- _WORK REQUIRED_: Reproduce word for word every line of the entries below, from the line containing "Thumbnail: 2023 Nissan Rogue - 12" through the final line, and nothing else.
-- RECORDED DATA follows --
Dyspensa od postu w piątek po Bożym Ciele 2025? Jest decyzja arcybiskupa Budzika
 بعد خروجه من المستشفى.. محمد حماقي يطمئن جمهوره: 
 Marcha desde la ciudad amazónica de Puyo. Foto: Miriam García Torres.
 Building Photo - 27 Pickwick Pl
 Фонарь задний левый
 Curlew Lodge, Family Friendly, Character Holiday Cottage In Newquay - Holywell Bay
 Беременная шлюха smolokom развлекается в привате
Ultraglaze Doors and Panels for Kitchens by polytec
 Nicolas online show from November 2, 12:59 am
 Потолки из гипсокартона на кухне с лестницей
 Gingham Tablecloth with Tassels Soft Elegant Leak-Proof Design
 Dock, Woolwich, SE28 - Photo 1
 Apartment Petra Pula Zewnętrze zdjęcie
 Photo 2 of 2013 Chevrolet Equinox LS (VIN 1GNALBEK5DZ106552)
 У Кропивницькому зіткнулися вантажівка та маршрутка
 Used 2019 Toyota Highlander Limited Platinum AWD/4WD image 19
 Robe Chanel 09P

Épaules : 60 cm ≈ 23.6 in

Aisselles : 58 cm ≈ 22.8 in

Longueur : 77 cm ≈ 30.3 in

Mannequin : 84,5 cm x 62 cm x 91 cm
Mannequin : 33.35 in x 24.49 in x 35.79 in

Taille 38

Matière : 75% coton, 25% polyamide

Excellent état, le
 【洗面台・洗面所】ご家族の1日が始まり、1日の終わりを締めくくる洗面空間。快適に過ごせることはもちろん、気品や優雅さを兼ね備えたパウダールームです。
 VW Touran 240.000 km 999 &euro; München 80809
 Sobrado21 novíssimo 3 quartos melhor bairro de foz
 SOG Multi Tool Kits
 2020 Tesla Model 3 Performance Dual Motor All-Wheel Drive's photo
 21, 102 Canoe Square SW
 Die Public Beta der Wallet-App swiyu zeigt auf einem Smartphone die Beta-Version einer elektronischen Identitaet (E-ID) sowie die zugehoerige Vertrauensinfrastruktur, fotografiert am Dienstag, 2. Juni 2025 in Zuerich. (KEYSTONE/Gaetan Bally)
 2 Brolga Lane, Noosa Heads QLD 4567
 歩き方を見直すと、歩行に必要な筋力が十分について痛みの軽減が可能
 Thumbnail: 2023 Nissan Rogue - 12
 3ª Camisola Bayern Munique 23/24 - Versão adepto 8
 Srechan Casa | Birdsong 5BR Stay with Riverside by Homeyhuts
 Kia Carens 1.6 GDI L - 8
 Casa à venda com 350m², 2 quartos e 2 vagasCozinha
-- RECORDED DATA concluded --
- _EXERCISE RESPONSE_:
 Thumbnail: 2023 Nissan Rogue - 12
 3ª Camisola Bayern Munique 23/24 - Versão adepto 8
 Srechan Casa | Birdsong 5BR Stay with Riverside by Homeyhuts
 Kia Carens 1.6 GDI L - 8
 Casa à venda com 350m², 2 quartos e 2 vagasCozinha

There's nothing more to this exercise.